> WORK ORDER
An exact retyping of all lines below is the answer; pictures do not belong in it.

> RAW DATA
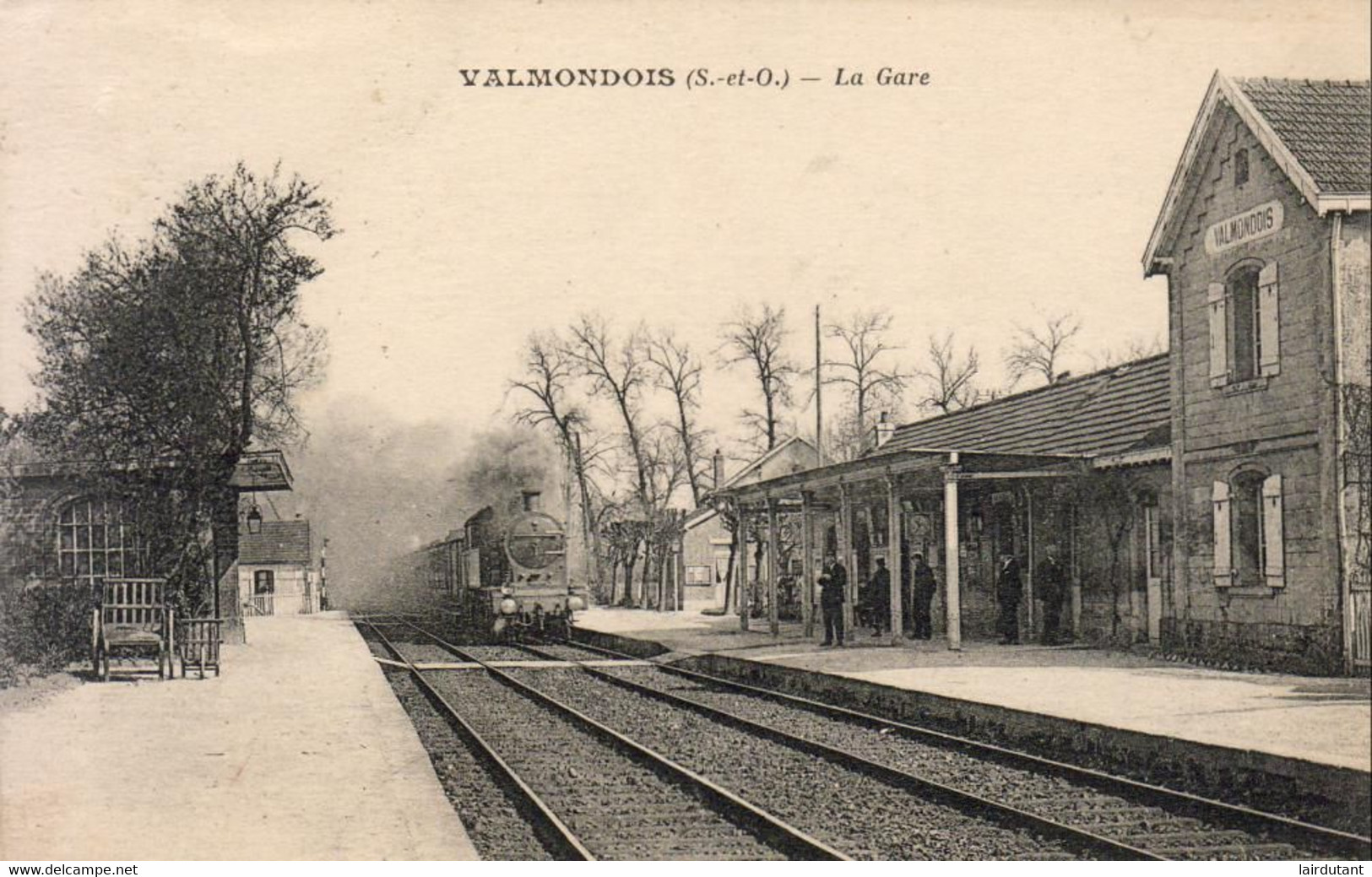 D95   VALMONDOIS   La Gare  .........  Avec Train En Gare - Valmondois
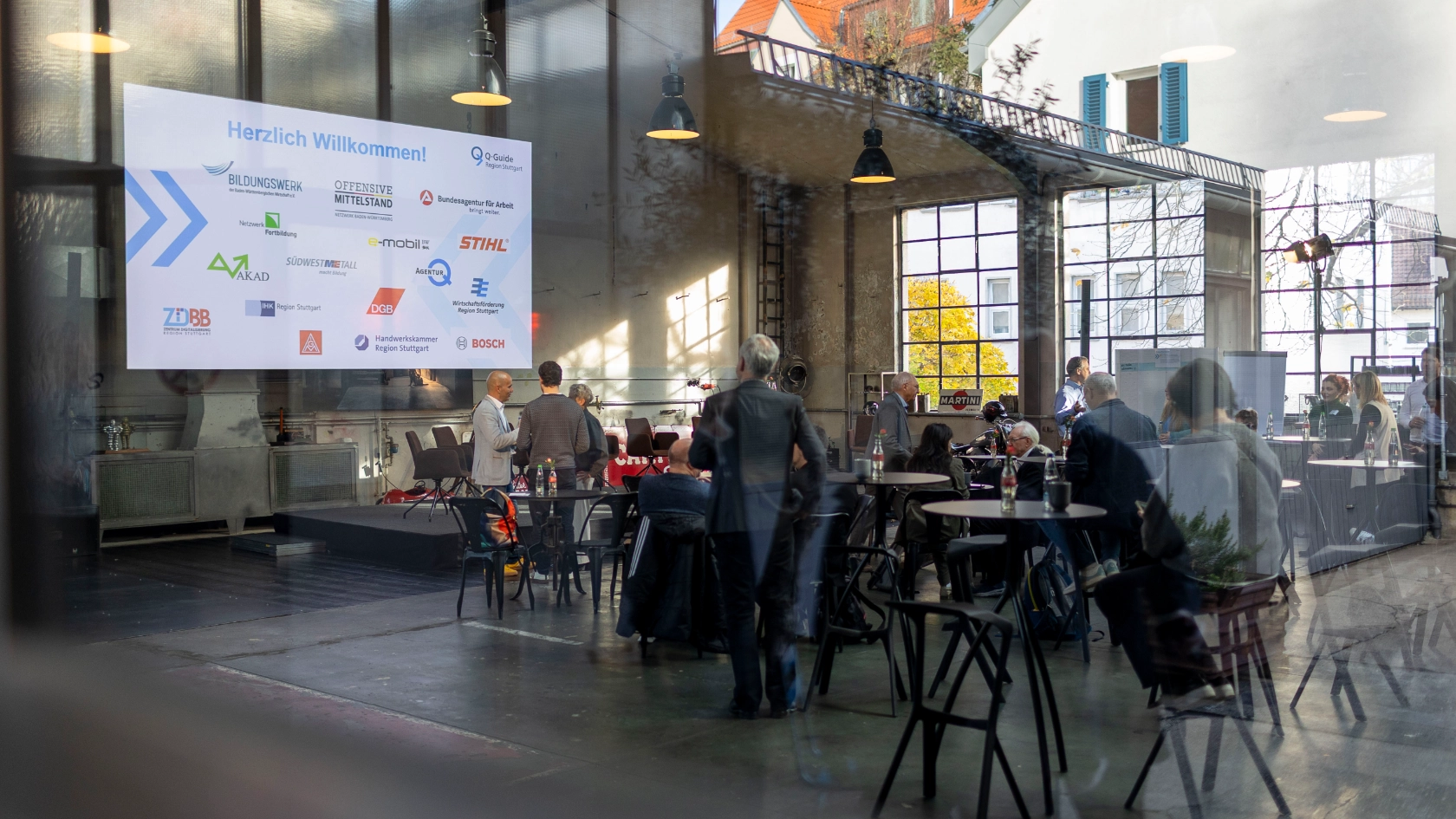 Q-Guide Veranstaltung in der Garage 226 zum Thema Menschen und Maschine.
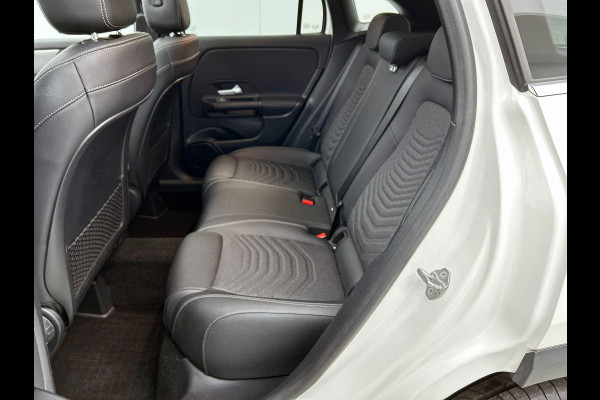 Mercedes-Benz GLA 250 e Plug-In 218PK 360° CAMERA | PANORAMADAK | WIDESCREEN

> PROBLEM SOLUTION
 D95   VALMONDOIS   La Gare  .........  Avec Train En Gare - Valmondois
 Q-Guide Veranstaltung in der Garage 226 zum Thema Menschen und Maschine.
 Mercedes-Benz GLA 250 e Plug-In 218PK 360° CAMERA | PANORAMADAK | WIDESCREEN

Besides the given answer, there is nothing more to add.